Announcement No. 58 of 2025 was originally intended to place synthetic graphite anode materials, certain cathode materials, lithium-ion batteries, and related production equipment and technologies under new export controls. However, the announcement is currently suspended until November 10, 2026. Procurement planning should neither treat the measures as already fully implemented nor assume that the current status will necessarily remain unchanged after the suspension period ends.
Why Do These Changes Affect Battery Chemical Procurement?
The core risk in critical mineral supply is not limited to whether resources exist. It also concerns whether those resources can be refined, purified, converted into battery materials, and delivered across borders.
According to the International Energy Agency, the average market share of the three largest refining countries for key energy minerals, including copper, lithium, nickel, cobalt, graphite, and rare earths, increased from approximately 82% in 2020 to 86% in 2024. During the same period, around 90% of refined supply growth came from the single largest supplier country.
When processing capacity is highly concentrated, actual supply disruptions may still occur even if total global production has not declined significantly. Possible causes include:
- Products need to be reassessed to determine whether they fall within controlled item categories;
- Exporters need to provide additional end-user and end-use documentation;
- Export license applications take longer than planned procurement timelines;
- Raw materials are available, but battery-grade purification or modification capacity is insufficient;
- Two suppliers depend on the same upstream producer or export entity;
- Materials can be delivered but have not passed production-line validation or customer change approval;
- The suspension, reinstatement, or adjustment of policies changes contractual responsibilities.
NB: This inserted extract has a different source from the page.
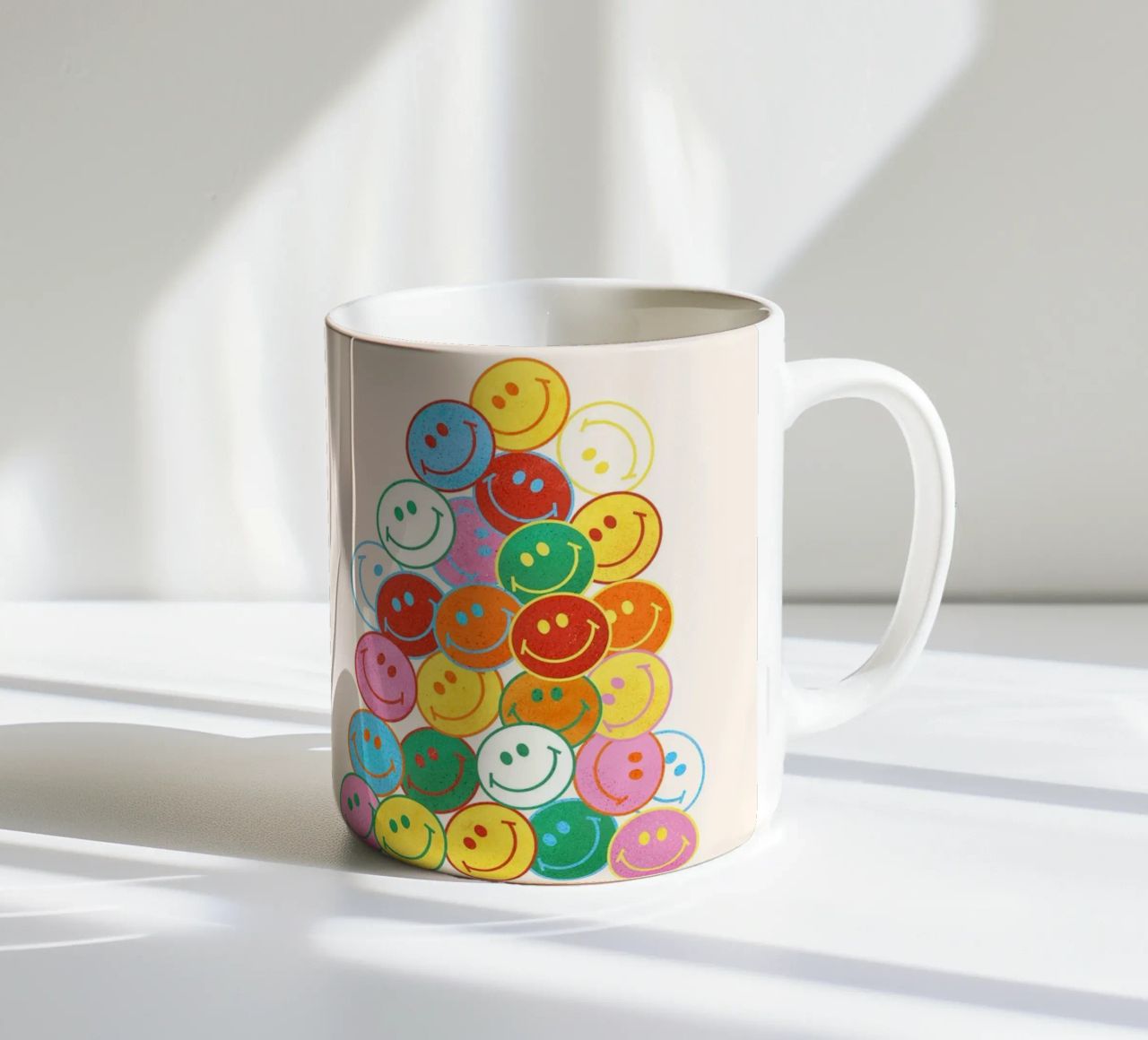 Retro Smiley Face Fun Art Print tazza in ceramica da showmemars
Therefore, whether a second supplier can provide a quotation is not the most important question. The more important issue is whether the second source can genuinely replace the existing supply under compliant, quality-controlled, process-compatible, and deliverable conditions.
Which Materials Are Directly Affected, and Which Represent Indirect Risks?
Not all critical minerals affect the battery value chain in the same way.
| Material or Product Category | Type of Impact | Current Risks Requiring Attention | Dual-Sourcing Priority |
| Natural flake graphite, spherical graphite, and related articles | Directly enter certain anode material supply chains | Item classification, export licensing, end-use documentation, and concentrated purification capacity | Confirm mine source, spheroidization and purification plants, surface treatment, and export entity |
| Synthetic graphite anode materials | Directly affect anode capacity, first-cycle efficiency, cycle life, and fast-charging performance | The additional measures announced in 2025 are currently suspended, creating uncertainty about policy status after the suspension period | Prequalify different graphitization and coating routes and maintain switchable sources |
| Lithium iron phosphate and ternary precursors | Directly affect cathode systems | Some additional control measures are currently suspended; different sources may vary in compaction, morphology, and impurity profiles | Distinguish between second sources for finished materials and second sources for base metal salts |
| Lithium salts, nickel salts, and other battery chemicals | May not be directly covered by the same export controls, but their processing and supply sources may be highly concentrated | Origin traceability, refining concentration, trade policy, and project delivery risks | Trace raw material sources, conversion plants, and long-term supply routes |
| Electrolyte salts, solvents, and functional additives | Directly affect interphase formation, cycling, rate capability, and low-temperature performance | Concentrated high-purity processing capacity, upstream intermediates, and formulation compatibility | The second source must complete electrolyte and full-cell validation |
| Medium and heavy rare earths and permanent magnet materials | Generally do not directly form the cathode, anode, or electrolyte of mainstream lithium-ion batteries | More directly affect drive motors, equipment components, and supporting manufacturing | Establish separate supply contingency plans for motors and equipment rather than combining them with cell materials |
The medium and heavy rare-earth controls implemented in April 2025 cover specified metals, alloys, oxides, compounds, and certain permanent magnet materials. However, further processed electronic components such as motors do not automatically fall within the same item scope. Rare-earth risks are more appropriately included in the management of vehicle motors, manufacturing equipment, and supporting supply chains rather than being directly classified as risks affecting all battery chemical procurement.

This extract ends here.